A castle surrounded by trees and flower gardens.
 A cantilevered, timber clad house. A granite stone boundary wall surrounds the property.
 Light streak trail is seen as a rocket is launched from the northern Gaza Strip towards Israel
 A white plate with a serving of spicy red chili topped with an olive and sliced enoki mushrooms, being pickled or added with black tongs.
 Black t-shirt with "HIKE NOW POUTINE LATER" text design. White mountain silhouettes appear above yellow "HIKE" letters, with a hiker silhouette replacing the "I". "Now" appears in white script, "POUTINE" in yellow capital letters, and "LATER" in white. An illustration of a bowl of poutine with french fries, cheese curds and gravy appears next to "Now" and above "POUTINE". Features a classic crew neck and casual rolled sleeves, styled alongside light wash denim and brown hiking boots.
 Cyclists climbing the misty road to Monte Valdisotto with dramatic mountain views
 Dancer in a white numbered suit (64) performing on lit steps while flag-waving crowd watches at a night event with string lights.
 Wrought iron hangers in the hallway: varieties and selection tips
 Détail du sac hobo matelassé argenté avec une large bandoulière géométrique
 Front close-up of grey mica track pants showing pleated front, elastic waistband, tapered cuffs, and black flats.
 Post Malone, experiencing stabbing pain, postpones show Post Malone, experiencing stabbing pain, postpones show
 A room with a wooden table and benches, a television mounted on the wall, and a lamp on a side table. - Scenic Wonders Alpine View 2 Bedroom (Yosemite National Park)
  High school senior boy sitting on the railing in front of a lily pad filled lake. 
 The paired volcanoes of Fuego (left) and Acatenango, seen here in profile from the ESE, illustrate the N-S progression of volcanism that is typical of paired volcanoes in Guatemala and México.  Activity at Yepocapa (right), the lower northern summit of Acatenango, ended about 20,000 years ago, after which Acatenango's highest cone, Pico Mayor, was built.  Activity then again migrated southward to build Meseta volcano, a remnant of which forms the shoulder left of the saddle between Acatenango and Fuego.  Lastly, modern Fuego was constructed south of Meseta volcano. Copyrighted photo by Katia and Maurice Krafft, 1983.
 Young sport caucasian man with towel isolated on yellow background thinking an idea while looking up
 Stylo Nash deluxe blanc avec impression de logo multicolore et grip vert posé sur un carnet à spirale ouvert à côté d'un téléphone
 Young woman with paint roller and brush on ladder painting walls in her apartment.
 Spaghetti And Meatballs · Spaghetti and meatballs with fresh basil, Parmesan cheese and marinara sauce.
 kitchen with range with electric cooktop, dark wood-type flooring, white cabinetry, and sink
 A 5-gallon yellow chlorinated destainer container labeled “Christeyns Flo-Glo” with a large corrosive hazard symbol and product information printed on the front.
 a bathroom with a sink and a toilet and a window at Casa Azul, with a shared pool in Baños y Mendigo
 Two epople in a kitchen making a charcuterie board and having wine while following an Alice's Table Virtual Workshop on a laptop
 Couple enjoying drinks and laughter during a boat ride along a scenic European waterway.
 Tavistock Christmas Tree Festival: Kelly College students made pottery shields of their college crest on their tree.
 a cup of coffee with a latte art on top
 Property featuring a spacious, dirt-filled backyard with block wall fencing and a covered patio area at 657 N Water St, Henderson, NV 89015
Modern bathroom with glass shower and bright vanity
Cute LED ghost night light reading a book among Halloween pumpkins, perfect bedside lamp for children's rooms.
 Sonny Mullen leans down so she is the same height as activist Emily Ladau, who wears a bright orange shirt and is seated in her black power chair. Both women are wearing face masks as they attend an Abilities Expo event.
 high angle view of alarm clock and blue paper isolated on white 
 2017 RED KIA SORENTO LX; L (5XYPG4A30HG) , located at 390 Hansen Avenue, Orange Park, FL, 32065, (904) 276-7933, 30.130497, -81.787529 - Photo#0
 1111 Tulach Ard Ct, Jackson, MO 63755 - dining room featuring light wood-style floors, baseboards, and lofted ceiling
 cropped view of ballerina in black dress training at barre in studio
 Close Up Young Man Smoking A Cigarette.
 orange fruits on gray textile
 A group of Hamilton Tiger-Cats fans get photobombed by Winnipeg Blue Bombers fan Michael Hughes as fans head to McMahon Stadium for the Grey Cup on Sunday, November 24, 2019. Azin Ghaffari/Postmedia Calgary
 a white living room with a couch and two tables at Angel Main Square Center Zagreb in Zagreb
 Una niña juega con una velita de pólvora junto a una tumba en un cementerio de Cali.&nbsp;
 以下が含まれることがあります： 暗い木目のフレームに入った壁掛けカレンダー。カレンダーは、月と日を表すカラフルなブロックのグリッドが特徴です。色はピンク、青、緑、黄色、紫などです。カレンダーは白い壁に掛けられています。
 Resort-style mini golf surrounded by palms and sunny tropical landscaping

◆ ◆ ◆ ◆ ◆

→ **The task**:
Given the records above, reproduce precisely and only the lines between the line holding "Post Malone, experiencing stabbing pain, postpones show Post" and the line holding "High school senior", inclusive.

→ **Answer section**:
 Post Malone, experiencing stabbing pain, postpones show Post Malone, experiencing stabbing pain, postpones show
 A room with a wooden table and benches, a television mounted on the wall, and a lamp on a side table. - Scenic Wonders Alpine View 2 Bedroom (Yosemite National Park)
  High school senior boy sitting on the railing in front of a lily pad filled lake. 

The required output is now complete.